Information supplied:
____
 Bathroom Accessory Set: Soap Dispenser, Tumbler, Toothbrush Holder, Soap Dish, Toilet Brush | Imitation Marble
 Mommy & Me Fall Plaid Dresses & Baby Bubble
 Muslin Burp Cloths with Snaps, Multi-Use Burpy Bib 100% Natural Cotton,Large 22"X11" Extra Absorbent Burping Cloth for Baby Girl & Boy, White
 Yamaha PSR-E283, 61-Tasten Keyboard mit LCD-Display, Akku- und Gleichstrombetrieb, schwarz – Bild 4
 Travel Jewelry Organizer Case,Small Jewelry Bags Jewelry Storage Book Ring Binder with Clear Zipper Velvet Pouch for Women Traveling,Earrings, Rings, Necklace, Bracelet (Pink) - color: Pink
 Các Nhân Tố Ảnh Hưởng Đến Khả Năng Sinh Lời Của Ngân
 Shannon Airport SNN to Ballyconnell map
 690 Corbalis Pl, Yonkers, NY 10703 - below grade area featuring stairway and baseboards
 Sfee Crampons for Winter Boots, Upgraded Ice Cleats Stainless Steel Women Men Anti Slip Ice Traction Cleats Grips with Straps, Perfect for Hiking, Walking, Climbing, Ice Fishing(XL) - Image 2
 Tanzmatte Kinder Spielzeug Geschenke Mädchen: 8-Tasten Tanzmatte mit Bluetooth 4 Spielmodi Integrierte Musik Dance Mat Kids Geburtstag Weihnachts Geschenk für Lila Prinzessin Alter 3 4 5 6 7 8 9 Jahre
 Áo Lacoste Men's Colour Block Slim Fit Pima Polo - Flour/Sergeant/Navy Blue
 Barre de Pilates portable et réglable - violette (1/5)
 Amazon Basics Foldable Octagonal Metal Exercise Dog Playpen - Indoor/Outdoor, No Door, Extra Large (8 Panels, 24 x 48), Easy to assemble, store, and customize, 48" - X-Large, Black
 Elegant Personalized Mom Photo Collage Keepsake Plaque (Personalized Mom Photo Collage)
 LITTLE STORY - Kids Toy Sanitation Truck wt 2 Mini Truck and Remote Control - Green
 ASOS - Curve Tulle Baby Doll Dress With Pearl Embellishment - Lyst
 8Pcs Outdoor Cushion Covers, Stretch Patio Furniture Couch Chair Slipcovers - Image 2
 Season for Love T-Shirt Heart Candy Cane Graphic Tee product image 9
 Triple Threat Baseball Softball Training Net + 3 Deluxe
____
What the exercise asks: What you return should be the lines from the beginning of the records through the one that contains "Barre de Pilates", repeated exactly and with no additions.

Task solution:
 Bathroom Accessory Set: Soap Dispenser, Tumbler, Toothbrush Holder, Soap Dish, Toilet Brush | Imitation Marble
 Mommy & Me Fall Plaid Dresses & Baby Bubble
 Muslin Burp Cloths with Snaps, Multi-Use Burpy Bib 100% Natural Cotton,Large 22"X11" Extra Absorbent Burping Cloth for Baby Girl & Boy, White
 Yamaha PSR-E283, 61-Tasten Keyboard mit LCD-Display, Akku- und Gleichstrombetrieb, schwarz – Bild 4
 Travel Jewelry Organizer Case,Small Jewelry Bags Jewelry Storage Book Ring Binder with Clear Zipper Velvet Pouch for Women Traveling,Earrings, Rings, Necklace, Bracelet (Pink) - color: Pink
 Các Nhân Tố Ảnh Hưởng Đến Khả Năng Sinh Lời Của Ngân
 Shannon Airport SNN to Ballyconnell map
 690 Corbalis Pl, Yonkers, NY 10703 - below grade area featuring stairway and baseboards
 Sfee Crampons for Winter Boots, Upgraded Ice Cleats Stainless Steel Women Men Anti Slip Ice Traction Cleats Grips with Straps, Perfect for Hiking, Walking, Climbing, Ice Fishing(XL) - Image 2
 Tanzmatte Kinder Spielzeug Geschenke Mädchen: 8-Tasten Tanzmatte mit Bluetooth 4 Spielmodi Integrierte Musik Dance Mat Kids Geburtstag Weihnachts Geschenk für Lila Prinzessin Alter 3 4 5 6 7 8 9 Jahre
 Áo Lacoste Men's Colour Block Slim Fit Pima Polo - Flour/Sergeant/Navy Blue
 Barre de Pilates portable et réglable - violette (1/5)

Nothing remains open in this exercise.